** EXTRACTED MATERIAL follows **
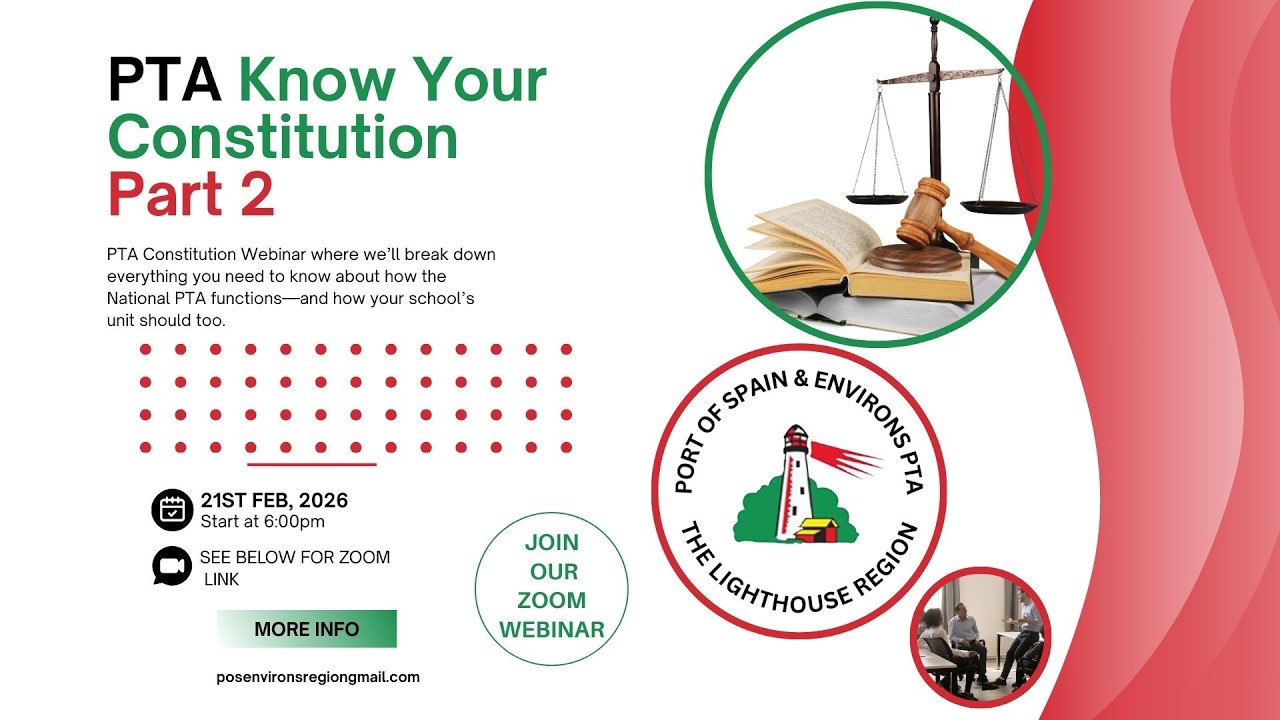 Pos & Environs Region PTA |📹 Know Your Constitution – Part 2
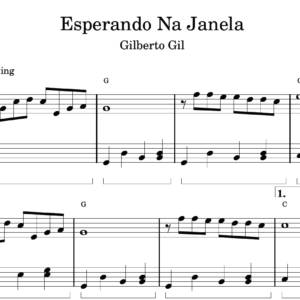 Esperando Na Janela - Partitura para Piano
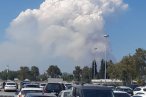 Bursa'daki yangın birçok noktadan görüldü!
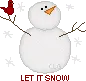 snowman; let it snow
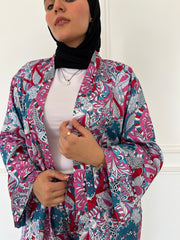 Blossoms Satin Set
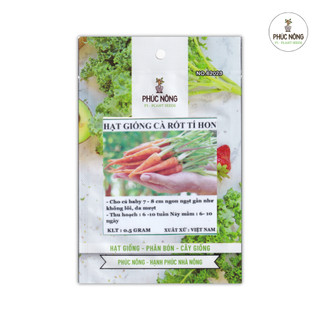 Hạt giống Cà Rốt Tí Hon ( Cà Rốt Mini ) - 0,5 gram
** End of EXTRACTED MATERIAL **
AIM OF THE TASK: Type out the entries again without a single change, and leave the pictures out.

SOLUTION FOR THIS TASK:
 Pos & Environs Region PTA |📹 Know Your Constitution – Part 2
 Esperando Na Janela - Partitura para Piano
 Bursa'daki yangın birçok noktadan görüldü!
 snowman; let it snow
 Blossoms Satin Set
 Hạt giống Cà Rốt Tí Hon ( Cà Rốt Mini ) - 0,5 gram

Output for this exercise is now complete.